Doch es zeigt sich, daß Detjens keineswegs ein uneingeschränkter Gegner von „verquast- kollektivistischer“ Rhetorik ist und keineswegs ein grenzenloser Freund der «pursuit of happiness», des Strebens oder der Jagd nach dem Glück. Ihm ist nur die proletarische Solidarität zuwider, das Glück, das nicht nach Arbeit strebt. Ihm geht es um das „verquast-kollektivistische“ Deutschland. Jenes Deutschland das im letzten Jahrhundert zwei Weltkriege vom Zaum gebrochen hat, Millionen von Menschen mit bürokratischer Sorgfalt ermordet hat und über dem sich derzeit ein übler antiamerikanischer Mief erhebt. Das ist das Kollektiv das Detjen für die ostdeutschen Metaller/innen für geeignet hält. Er will es sehen, „das ehrliche Gesicht des deutschen Arbeiters, der nichts anderes begehrt, als an der Seite seiner Volksgenossen, wenn das Vaterland ruft, zu streiten!“ Die deutsche Volkswirtschaft ist seine Sorge, keineswegs das individuelle Glück der Arbeiter/innen.

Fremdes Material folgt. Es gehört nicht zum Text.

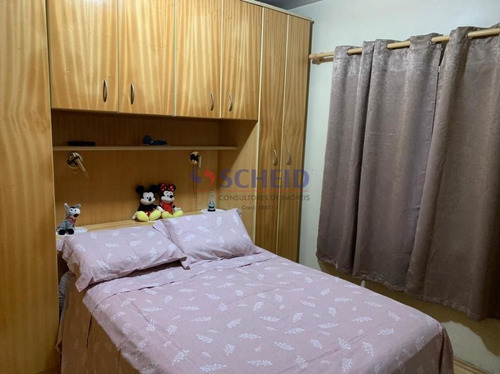 Imagem 6 de 15 de Apartamento Venda , 2 Dormitorios 1 Vaga - Mr76129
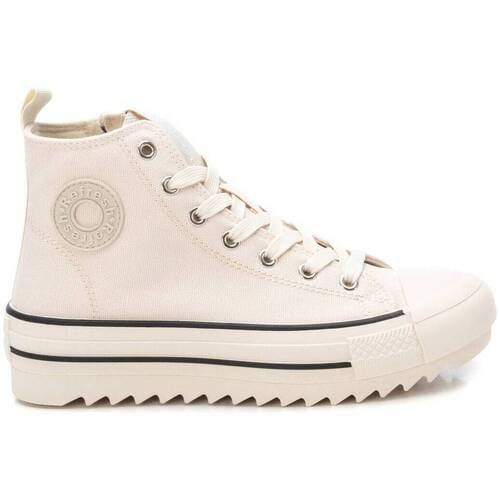 Sneakers Refresh 17220003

Wenn Detjen in übertriebener Weise die ostdeutsche Metallindustrie in Trümmern sieht, so gibt er dem ollen Marx ungewollt und unbewußt recht, wenn dieser der „heiligen Familie“, einigen seiner Zeitgenossen, entgegenhält:

Die kritische Kritik schafft Nichts, der Arbeiter schafft Alles, ja so sehr Alles, daß er die ganze Kritik auch in seinen geistigen Schöpfungen beschämt; die englischen und französischen Arbeiter können davon Zeugnis ablegen. Der Arbeiter schafft sogar den Menschen; der Kritiker wird stets ein Unmensch bleiben, wofür er freilich die Genugtuung hat, kritischer Kritiker zu sein.“ *)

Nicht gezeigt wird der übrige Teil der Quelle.